THE PROBLEM
Beginning with the line of the entries below that holds "Assalamu alaikum wa" and ending with the line that holds "Fine, so today", transcribe each line exactly as written. Pictures stay out.

INPUT FOR THIS TASK
▬▬▬▬▬▬

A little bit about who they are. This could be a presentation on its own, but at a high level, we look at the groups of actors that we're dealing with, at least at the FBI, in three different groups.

▬▬▬▬▬▬

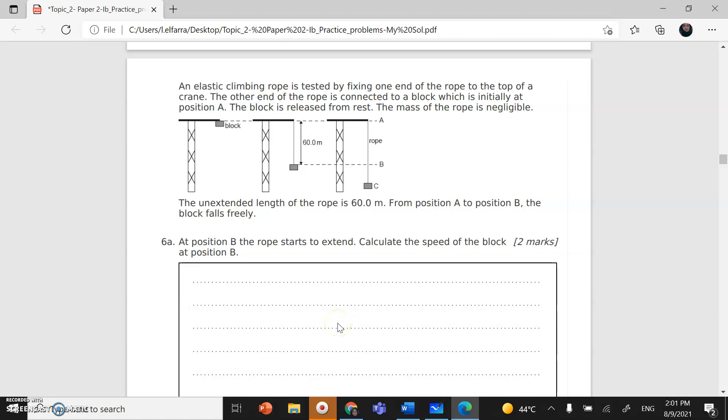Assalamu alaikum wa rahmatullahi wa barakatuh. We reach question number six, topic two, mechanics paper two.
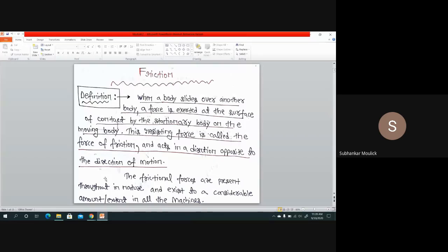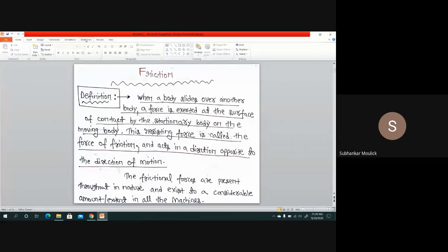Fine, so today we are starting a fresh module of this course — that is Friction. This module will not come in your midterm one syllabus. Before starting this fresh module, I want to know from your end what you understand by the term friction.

▬▬▬▬▬▬

RESULT OF THE EXERCISE
Assalamu alaikum wa rahmatullahi wa barakatuh. We reach question number six, topic two, mechanics paper two.
Fine, so today we are starting a fresh module of this course — that is Friction. This module will not come in your midterm one syllabus. Before starting this fresh module, I want to know from your end what you understand by the term friction.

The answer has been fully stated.